Be careful around plumbing pipes, HVAC vents, electrical outlets and fixtures, and similar items within the bathroom. Accidentally destroying or damaging these could require hiring a professional to fix them, offsetting the cost savings altogether.
2. Shop for Secondhand Vanities and Cabinets
Most bathroom renovations don’t require a ton of cabinets or shelving like a kitchen might. In fact, many bathrooms only feature a sink vanity—everything else can usually be stowed away in a linen closet.
For this reason, finding a secondhand vanity is typically pretty easy. There aren’t any worries about finding matching uppers and lowers, or enough to fill out a wall. Habitat for Humanity ReStores, Facebook Marketplace, and area classified ads are all great places to shop for secondhand vanities. And, for those feeling crafty, turning an old chest of drawers or lowboy into a vanity isn’t all that difficult.
3. Avoid Trends
Considering that many people take on renovations so they can jump into a new trend, this advice might seem hypocritical. However, trends come and go, and remodeling a bathroom every few years to keep up with those trends is a good way to flush money down the toilet.

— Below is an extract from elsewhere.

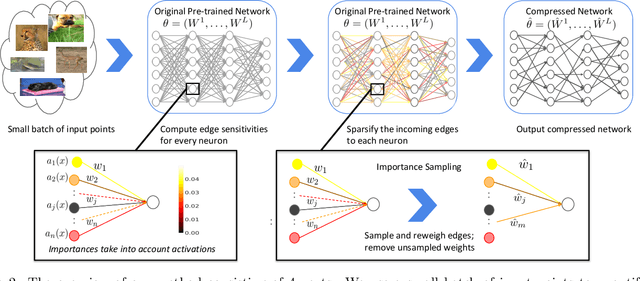 Figure 2 for SiPPing Neural Networks: Sensitivity-informed Provable Pruning of Neural Networks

Also, consider the cost of the materials alone. On-trend materials typically skyrocket in price, meaning the renovation will cost more than it might be worth when those prices drop back down and the trend changes. Instead, stick with classic designs and materials to avoid inflated prices and frequent remodels.
4. Avoid Moving Utilities
A brand new bathroom that looks completely different from the old one might sound great, but it’s sure to be expensive. Instead of changing the entire floor plan, leave the existing utilities in place. This includes supply lines to the sink and shower, drains, electricity for lights and outlets, HVAC fixtures like baseboard heaters and radiant heating, and bathroom vents.
5. Get Multiple Quotes
It’s not always possible to DIY an entire bathroom renovation (especially if the utilities are moving). It might be necessary to hire a licensed tradesperson or contractor to handle the job, which will undoubtedly cost a pretty penny.
While paying for this expertise is often unavoidable, it’s best to seek multiple quotes for the job. With several quotes for a specific job in hand, it is easier to possibly leverage the companies against each other and convince them to take the job for a bit less than the quoted price. While some folks might prefer to avoid negotiations, they might miss out on some real savings.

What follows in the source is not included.